When states originally enacted their LLC statutes, organizing a limited liability company typically required that there be two or more members. SMLLCs were not allowed. An individual wanting to form an LLC needed to add another person in order to take advantage of this newly-available entity.
Gradually states began to adopt amendments to their LLC acts that permitted limited liability companies with only one member. Even if your state allowed the formation of SMLLCs, however, there was a question whether states that still did not permit SMLLCs to be formed in their state would recognize SMLLCs formed in other states where they were permitted.
Fortunately, all 50 states and the District of Columbia now permit SMLLCs, so that issue is no longer a concern.
There is some lingering worry among legal analysts as to whether a member of SMLLC will be given the same protection from liability as a member of a limited liability company with multiple members. In most states, the statute appears clear, but it may take many years for case law to develop to the extent that some lawyers will have the comfort level that they have from decades of case law on one-shareholder corporations.
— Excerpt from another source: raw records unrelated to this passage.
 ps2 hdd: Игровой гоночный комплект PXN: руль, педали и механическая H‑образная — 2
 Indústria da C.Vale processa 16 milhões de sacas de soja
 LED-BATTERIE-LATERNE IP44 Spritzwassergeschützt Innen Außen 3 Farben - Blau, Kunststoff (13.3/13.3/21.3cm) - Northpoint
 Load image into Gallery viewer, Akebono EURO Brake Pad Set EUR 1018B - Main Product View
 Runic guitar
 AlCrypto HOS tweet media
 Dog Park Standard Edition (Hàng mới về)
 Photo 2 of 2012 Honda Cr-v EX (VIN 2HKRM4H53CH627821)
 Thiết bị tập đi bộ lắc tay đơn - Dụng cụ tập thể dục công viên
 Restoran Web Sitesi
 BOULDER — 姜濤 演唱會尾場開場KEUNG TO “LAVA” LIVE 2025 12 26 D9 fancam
In the end, it seems probable that a member of a SMLLC will have no less protection than a sole shareholder of a corporation. (There is one circumstance, however, where a multiple member LLC holds a distinct advantage over a SMLLC — protecting the assets of the LLC from the creditors of the member – with respect to charging orders against the LLC by the creditors of the member. See Single Member LLC or Multiple Member LLC?.)
There are some differences between SMLLCs and other LLCs, and a member of the LLC should be aware of them. For example, in Illinois, the operating agreement of a manager-managed single member limited liability company must be in writing if the manager is the same person as the member.